> [Your instructions] Lines from the one holding "Białe botki Dr. Martens Jadon" through the end of the entries, inclusive, form the whole output; reproduce them exactly and omit pictures.

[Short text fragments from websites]
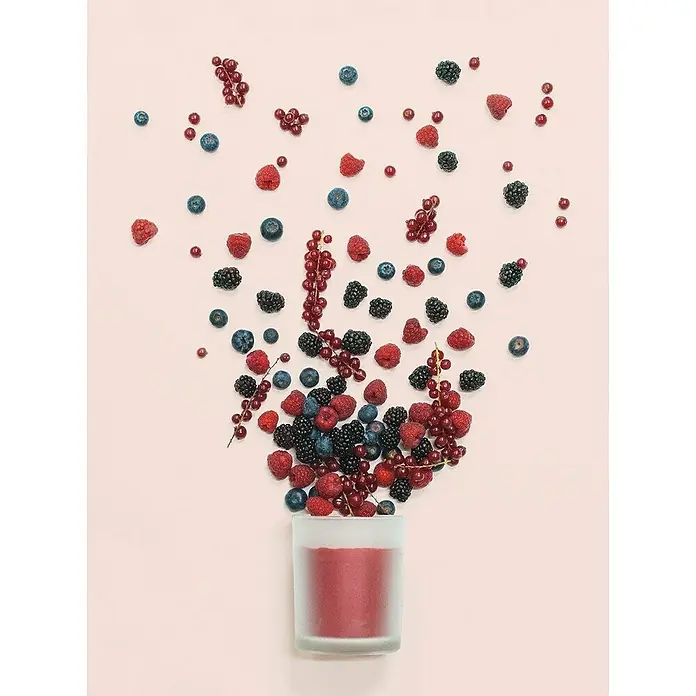 Ceras Roura Vaso con vela - Ø x Al: 7 x 8,5 cm, Frutos rojos - Un vaso con frutos rojos, moras y arándanos esparcidos encima sobre un fondo rosa para un aspecto fresco y natural.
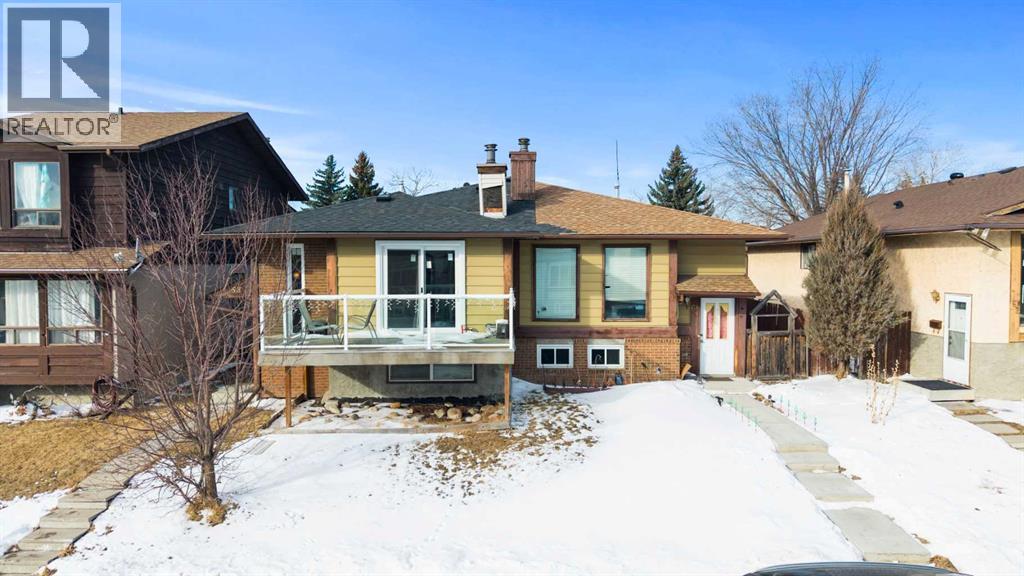 Duplex for Sale in 58 Templeson Crescent NE|Calgary, Alberta T1Y5L8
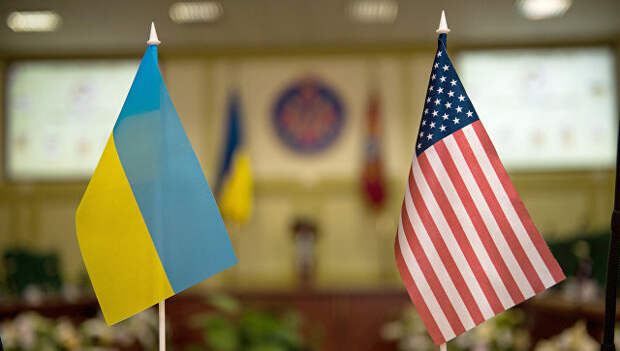 Флаги Украины и США. Архивное фото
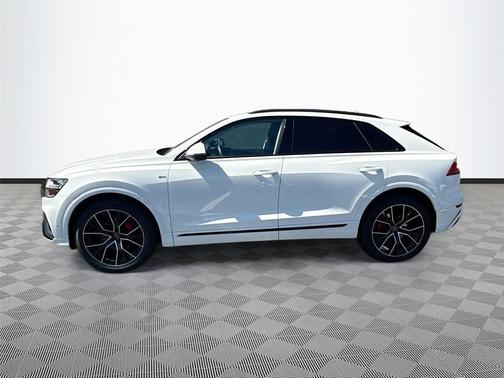 2023 Audi Q8 55 Prestige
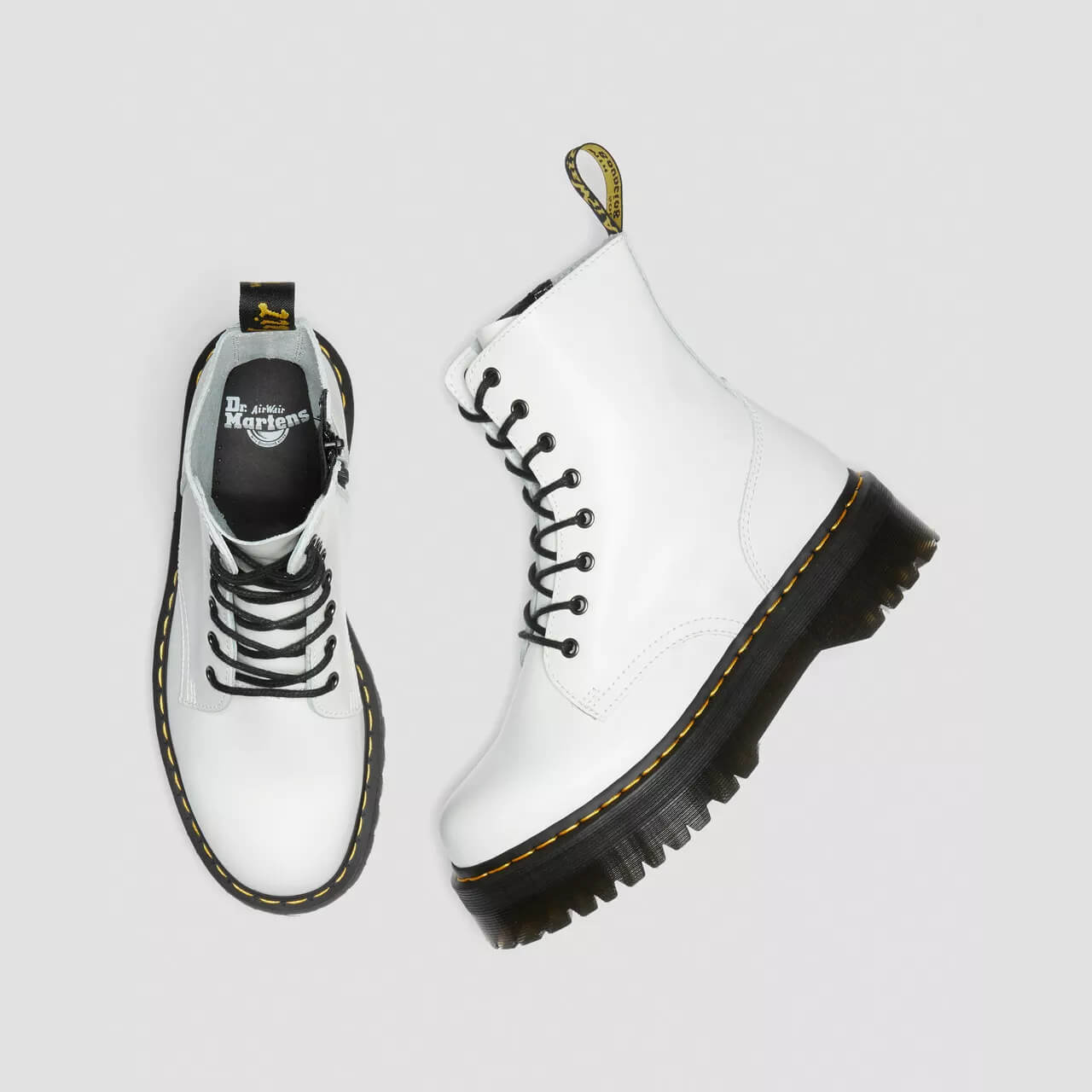 Białe botki Dr. Martens Jadon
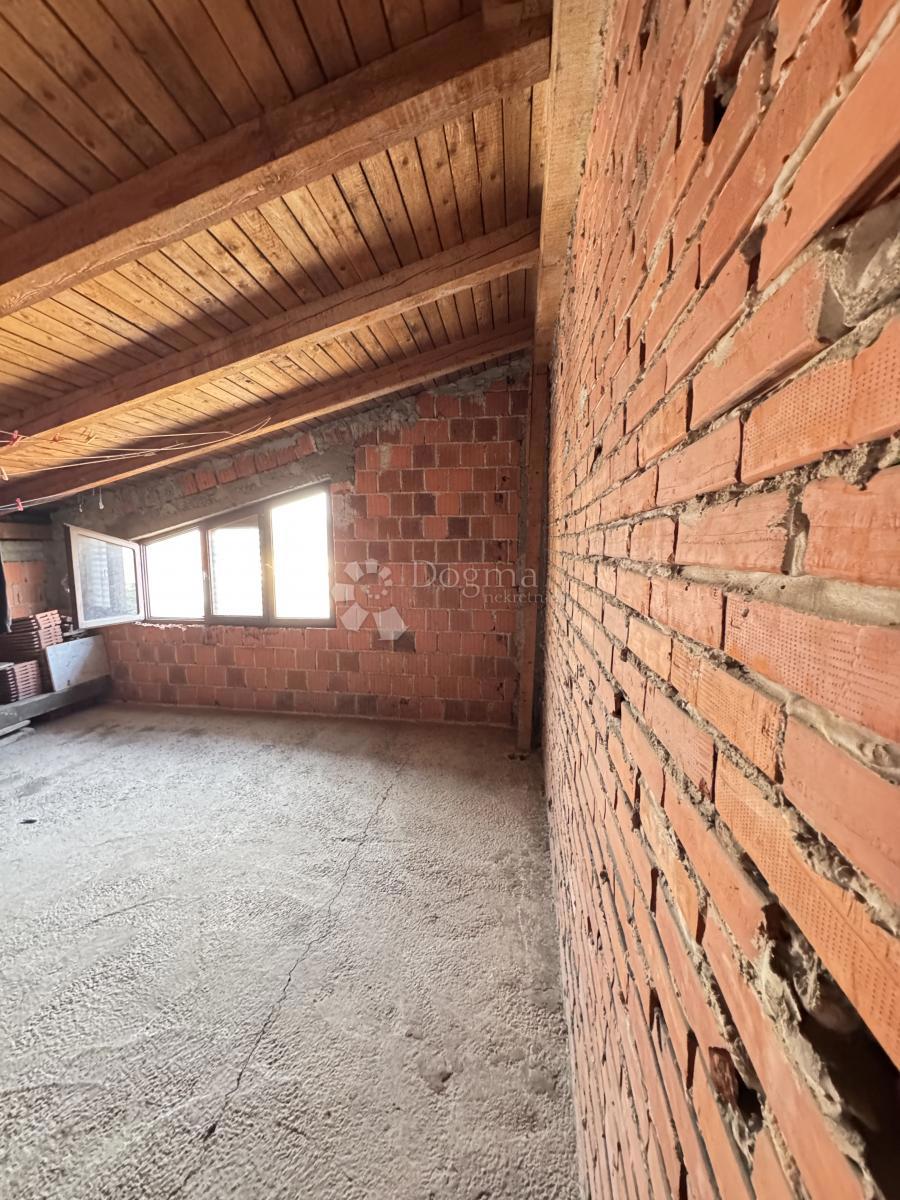 Casa Brestje, Sesvete, 425,33m2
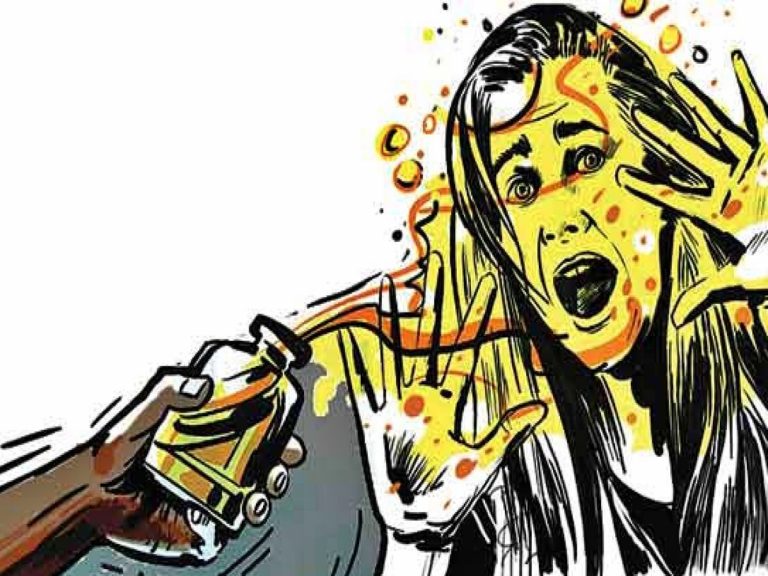 Acid Attack: బైక్ పై వెళ్తున్న మహిళపై యాసిడ్ దాడి.. నిందితుడి అరెస్ట్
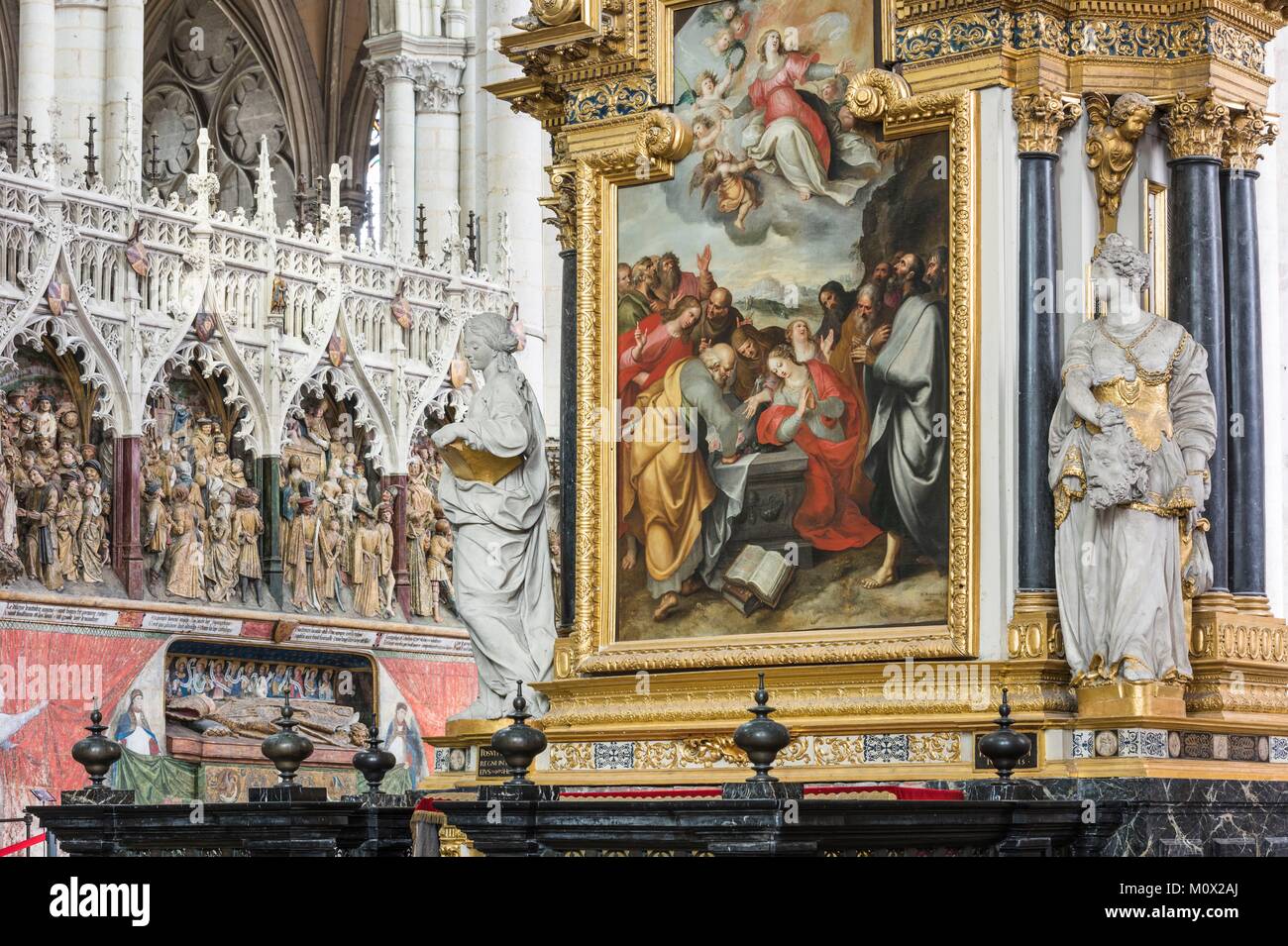 France,Somme,Amiens,cathédrale Notre-Dame, joyau de l'art gothique, classée au Patrimoine Mondial de l'UNESCO,autel ou chapelle Notre-Dame du Pilier Rouge par Nicolas Blasset en 1627 et de prise en charge par la peinture François Francken le Jeune Banque D'Images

> [Exercise solution]
 Białe botki Dr. Martens Jadon
 Casa Brestje, Sesvete, 425,33m2
 Acid Attack: బైక్ పై వెళ్తున్న మహిళపై యాసిడ్ దాడి.. నిందితుడి అరెస్ట్
 France,Somme,Amiens,cathédrale Notre-Dame, joyau de l'art gothique, classée au Patrimoine Mondial de l'UNESCO,autel ou chapelle Notre-Dame du Pilier Rouge par Nicolas Blasset en 1627 et de prise en charge par la peinture François Francken le Jeune Banque D'Images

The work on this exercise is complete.